そんな前作から引き続き、ルパンとヒロインの関係性の新規軸(路線変更)がみて取れます。
すなわち、
①守護者・父性としてのルパン三世
②庇護対象・娘としてのヒロイン
という関係性へと変化しているのです。

ただし、ルパン作品のヒロインは、困難に立ち向かう強いヒロイン像(搦め手を駆使してはいますが、不二子も強いヒロインですね)がスタンダードなため、②は物語の中で成長し、①の助けを借りつつも、最後にはその手を離れ巣立っていく、という構図になります。

この、娘(ヒロイン)を見守る父(ルパン)という構図は、この先のTVSPでも頻繁に用いられます。

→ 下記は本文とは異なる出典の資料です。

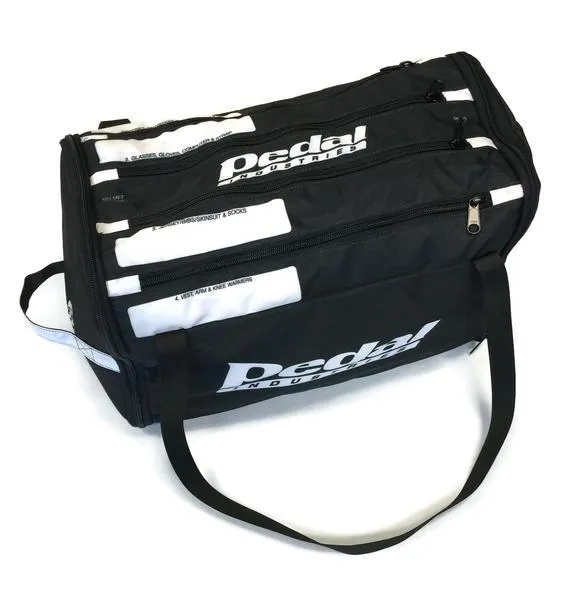 Roy Crossfit RACEDAY BAG - ships in about 3 weeks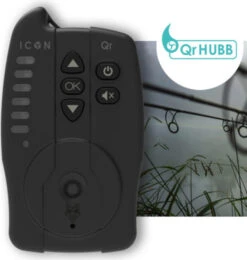 Wolf Icon Q2 3 Rod & Icon Qr Bite Alarm Set 6 Wolf Icon Q2 3 Rod & Icon Qr Bite Alarm Set -Professional Fishing Equipment Store 9ab945f2dbb60211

時代が求めるルパン三世が、〈キザな三枚目のお兄さん〉から、〈おちゃらけてるけどいざという時頼れるお父さん〉に変わったのでしょうか?
鑑賞者層・制作サイドの年齢層の上昇が影響しているのでしょうか?

いずれにせよ、ルパン三世というキャラクターのある種の老化と、鑑賞する世間が変わっていくタイミングだった、ということを示すものと受け止めています。

本作以降の視聴率が、20%を切るようになったという事実も、時代が変わったことの証左のように思えます。

【本作のゲストヒロイン】
ベッキー……本名レベッカ・ランバート。
かつてルパンが一夏の間だけコンビを組んだ女義賊キャットこと、カトリーヌ・ランバートの娘。盗みの手口はルパンの模倣犯(コピーキャット)。母を殺した犯人を見つけ出すために、ブルズ・アイを狙う。